§ Provided records
[Start of section]
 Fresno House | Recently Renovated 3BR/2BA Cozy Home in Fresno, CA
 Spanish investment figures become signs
[End of section]
[Start of section]
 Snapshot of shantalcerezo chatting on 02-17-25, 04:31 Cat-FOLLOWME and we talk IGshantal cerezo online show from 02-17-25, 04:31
[End of section]
§ Your goal
Above are the entries. Copy exactly the part that opens with the line containing "Fresno House |" and closes with the line containing "Spanish investment figures become signs", and no more.

§ Solution
 Fresno House | Recently Renovated 3BR/2BA Cozy Home in Fresno, CA
 Spanish investment figures become signs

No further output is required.